I must finally admit to myself and the world that I’m tired. Physically and mentally exhausted.
For the last 15 years of my 17-year-old son’s life, autism has dictated the mood, comfort, décor (or lack thereof) and decibel level of our home.
Severe, non-verbal autism has robbed my son of the ability to communicate effectively or calmly and replaced it with banging, hitting, throwing and aggression.
It’s as if my son’s development has frozen in time…demonstrating behaviors matching a two-year-old temper tantrum.
No matter the circumstance, he has learned that pounding incessantly on walls, doors, counters or repeatedly smacking himself, our defenseless dog or his family members brings the world to a halt with all attention directed his way as we work to decode the mystery of what’s ailing him or what he wants.
Trust me, we’ve tried all the suggestions of “experts”.
Ignoring the behavior.
Giving him countless communication devices and methods.
Responding to him with a calm, soothing voice.
Removing every item within his reach and barricading him into a more confined space to stop the room to room destruction loop.
What used to be manageable, mild noises and slaps on the arm have evolved to the potential of holes in walls and doors and smacks so hard they leave a bruise.
We can thank puberty and hormones for the increased ferociousness of the behaviors.
My husband handles the chaos and constant bursts of noise much better than I do.
My patience is thin and temper short. I spent my own childhood navigating through a very loud, chaotic household and swore that I would never tolerate my adult home to be that way.
Yet here I am, living it again because… autism!
Every day, and it’s EVERY day when my son hits me or pulls my hair, I’m broken-hearted and think to myself does he even like me?
It’s truly shocking how quickly things can go downhill. One minute he’s smiling at the dinner table, seemingly enjoying his food and then suddenly, he swipes the food to the floor and smacks me across the face.
I’d give absolutely anything to know what is going through his mind at the very moment he has an outburst.
I can only imagine the frustration of knowing exactly what you want to say but your mind and mouth aren’t cooperating.
I go through so many emotions and thoughts while watching him feverishly pace the house, pounding on everything in his path.
Is he in pain?
How can I help?
What does he need?
Could he stop this behavior if he wanted to?
That last question always weighs on me.

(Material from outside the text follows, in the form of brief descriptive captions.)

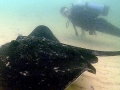 Australian Bull Stingray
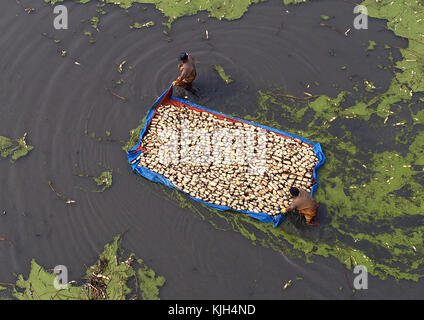 Nanton, Chine. 24 novembre 2017. Les agriculteurs sont occupés à ramasser des racines de lotus dans le comté de Hai'an, à Nantong, dans la province du Jiangsu, dans l'est de la Chine. Crédit : Sipa Asia/ZUMA Wire/Alamy Live News Banque D'Images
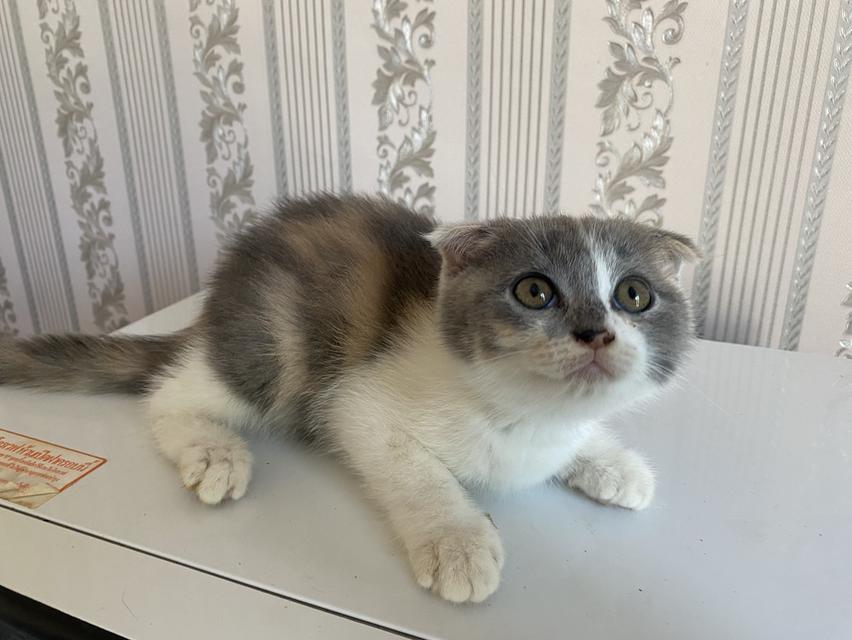 แมวสก็อตติสแท้ 100% ผญ หูพับ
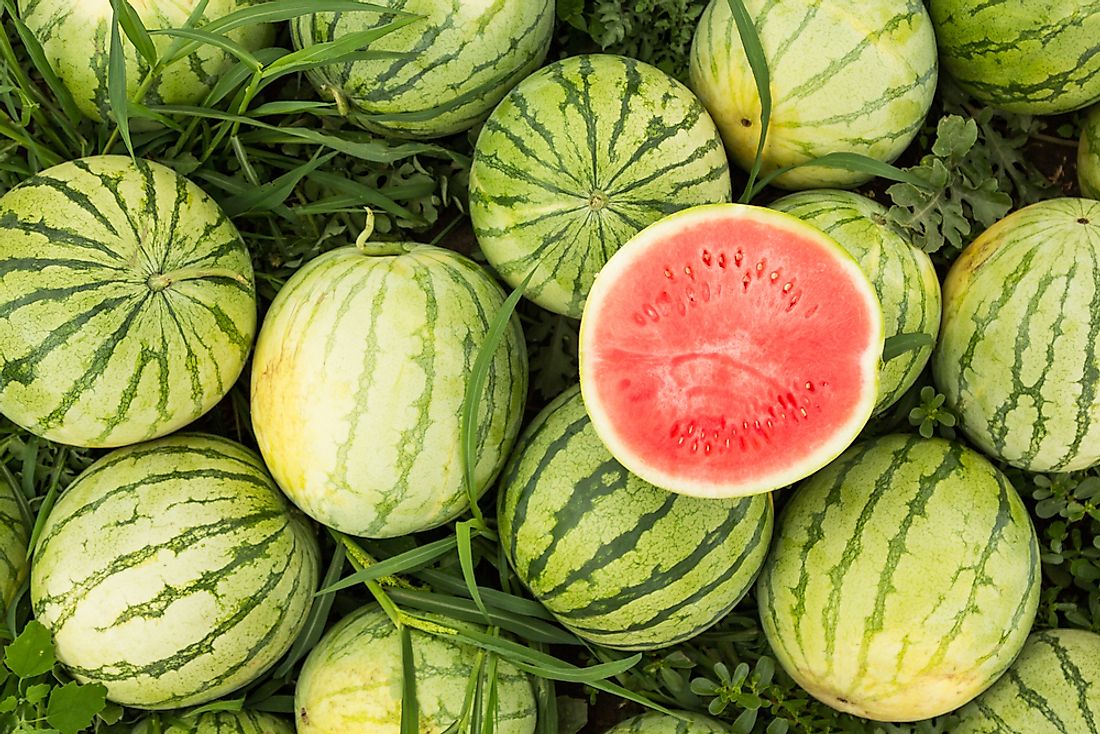 growing-watermelon-in-open-land-in-raised-beds-or-on-a-trellis-food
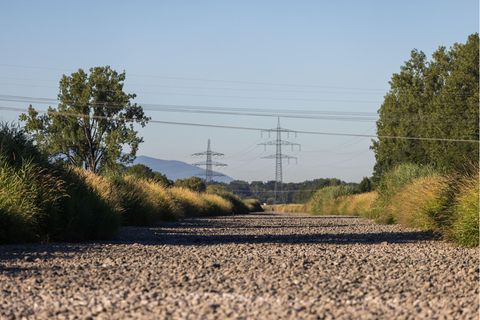 Ausgetrocknete Dreisam im Schwarzwald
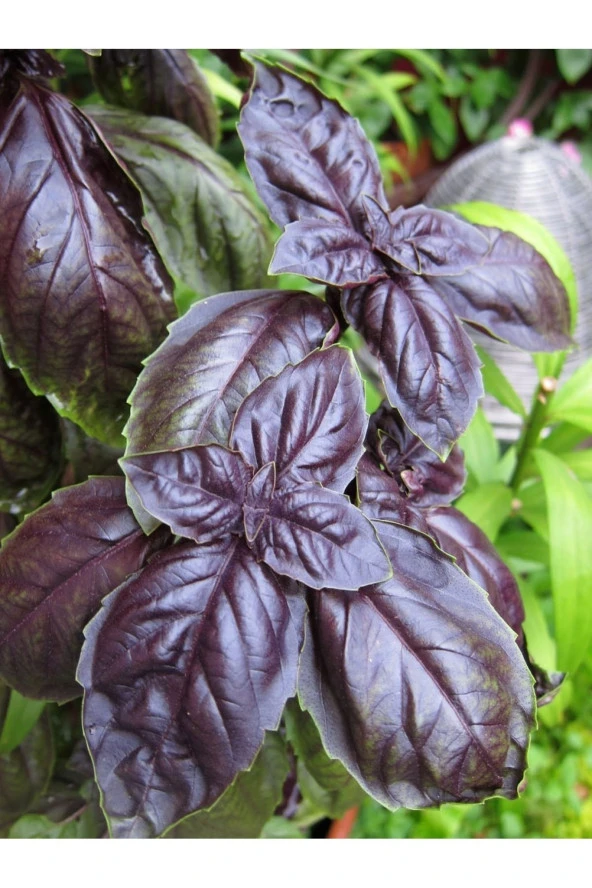 AGRODAL TARIM Ata Tohumu Yerli Doğal Fesleğen Mor Reyhan 1000 Ad. Sebze Tohumu ürün görseli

Sometimes I watch his facial expressions and it sure seems like he’s enjoying the havoc he’s wreaking based on the smile plastered across his face.
The louder the noise, the bigger the grin.
Other times, if we yell out “Hand down” or “Don’t hit” he recoils his hand very quickly, clear on the instruction given.
Deep down I know that he doesn’t enjoy his body’s incessant need for aggressive, physical touch.
I’m certain he wants to control it, but he just can’t because… autism!
The constant, daily banging is taking a toll on all of our mental health. The level of anxiety in our home is palpable and each of us teeters toward the edge of our breaking point on an hourly basis.
Because of autism, we are all suffering to some degree…my son just wants to be heard and we would love nothing more than to hear him, in a quieter, more constructive way.
I lay all of this out and illustrate this picture of our daily life not to complain or frighten those of you who are just getting started on your autism journey.
Your situation may never look anything like ours…it may be filled with the sounds of cartoons and giggles or much more violent and destructive.
The point in being honest is that regardless of how much hair I’ve lost in the palm of his hand, shots to the face and body I’ve taken, or aspirin I’ve consumed to squash my pounding headache, at the end of each day, I go to bed at night holding no grudges or negativity toward my son.
I know that he doesn’t want to live this way either and would apologize profusely if he could, but he can’t because…autism!
I love him and will continue withstanding the brunt of his frustrations all while never giving up on helping him find his words however that transpires.
He just wants to be understood and comforted. That just looks a little different for our family, because…autism!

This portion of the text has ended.